A short time after returning from America, at a café on the Champs-Élysées in Paris, Philippe de Rothschild introduced himself. For a time, the two shared a bed and the love of automobile racing. Rothschild had been racing his Bugatti and he introduced her to Ettore Bugatti. The owner of the very successful car company thought Hellé Nice would be an ideal person to add to the male drivers of his line of racing vehicles. Having been outspoken in her desire to compete with the men, she achieved her goal and in 1931 and drove a Bugatti T35C in five major Grand Prix races in France as well as in the Italian Grand Prix at Monza. A master of showmanship, Hellé Nice was easily recognizable in her bright-blue race car. She loved every minute of her life and exploited her femininity, portraying herself as a fearless competitor up against hard-driving men.
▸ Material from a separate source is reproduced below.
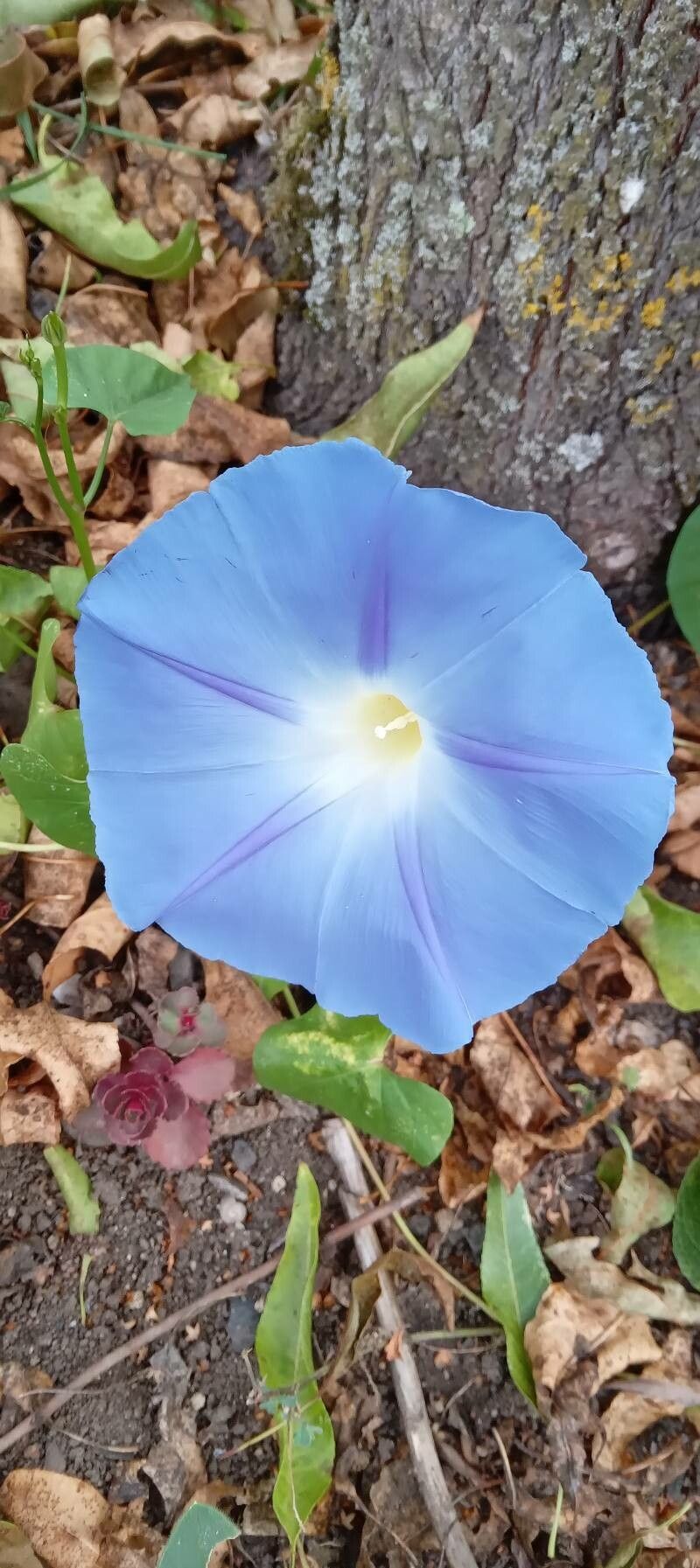 Ipomoea tricolor flower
She wowed the crowds wherever she raced while adding to her income with a string of product endorsements. Although she did not win a Grand Prix race, she was a legitimate competitor, and frequently finished ahead of some of the top male drivers .



Over the next several years, as the only female on the Grand Prix circuit, she continued to race Bugattis and Alfa Romeos against the greatest drivers of the day including Tazio Nuvolari, Robert Benoist, Rudolf Caracciola, Louis Chiron, Bernd Rosemeyer, Luigi Fagioli, and Jean-Pierre Wimille, amongst others. Like most race drivers, Hellé Nice competed not only in Grand Prix races but also took part in hill climbing events and road rallies all over Europe including the famous Monte Carlo Rally. On 10 September 1933, she was a competitor in one of the most tragic races in history. During the 1933 Italian Grand Prix at the Autodromo Nazionale Monza, Giuseppe Campari, Baconin "Mario Umberto" Borzacchini and the Polish count Stanislas Czaikowski, three of the leading race drivers of the day, were killed.